J.C. : Il y a trois formes de produits utilisés en France aujourd’hui. L’ammonitrate, qui est fabriqué en France, et l’urée, qui est importée, sont les deux principaux engrais utilisés dans la région. Le troisième produit est la solution azotée, peu employée en Auvergne-Rhône-Alpes, mais beaucoup dans la moitié nord de la France. C’est sur ce troisième produit qu’il y a des tensions, ce qui contribue à tendre le marché et le rapport entre l’offre et la demande. C’est la première fois depuis 10 ans que nous observons une évolution aussi forte sur le cours des engrais. Il a beaucoup varié entre juin et aujourd’hui. Ceux qui ont réussi à couvrir tôt leurs besoins n’ont pas de problème de disponibilité. En revanche, dans deux mois, nous ne sommes pas certains de pouvoir livrer. L’anticipation a été le mot-clé cette année pour avoir le volume nécessaire.

Quelle peut être l’influence sur les assolements ?
J.C. : Une partie des agriculteurs pense qu’ils peuvent faire le choix d’attendre. D’autres modifient leurs assolements pour avoir moins d’azote à acheter. Ils mettent en place des cultures connues pour être peu gourmandes en azote comme des légumineuses dont le soja et le tournesol en tête de rotation pour se substituer au maïs.

Le marché est-il capable d’absorber cette tendance en termes de débouchés ?
J.C. : Nous avons la volonté de développer une filière soja régionale. On emblave entre 3.000 et 3.500 ha de soja en tout : production animale, alimentation humaine et semence.

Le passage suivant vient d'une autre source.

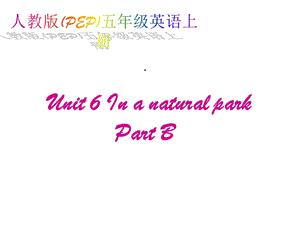 人教PEP版英语五上《Unit6InaNaturePark》PartB课件.ppt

Oxyane peut monter à 4.500 ha. La demande est croissante, non seulement en raison du prix de l’azote, mais surtout pour la recherche de protéine produite localement. Les éleveurs ont besoin de tourteaux de soja pour l’alimentation animale.

Quelle est la stratégie d’Oxyane ?
J.C. : Nous sommes orientés vers un développement des filières. C’est le cas pour le maïs, les blés et le soja. Il s’agit de structurer la collecte en vue d’une trituration locale du soja sous la marque Localp. Une réflexion est en cours pour transformer le soja destiné à la consommation locale de façon autonome.

Garantissez-vous la disponibilité de la semence de soja ?
J.C. : Oxyane fait partie de l’union Top semence, le premier multiplicateur de semences de soja en France. Nous sommes organisés pour pouvoir faire face à la demande. Le plan de production de soja s’est traduit par une augmentation de 20 % des semences, et 100 % de la production de semences de soja de Top semence est produite en Rhône-Alpes, ce qui représente environ 1.000 ha (sur une production totale de 3.500 ha).

Quelle analyse portez-vous sur cette évolution du marché ?
J.C. : Il y a deux éléments sans relation directe au départ. D’une part, la volonté d’Oxyane de développer les hectares de culture de soja et d’autre part, la hausse du cours des matières premières azotées. Ce qui explique l’accélération de la transition vers une production plus importante de soja dans la région.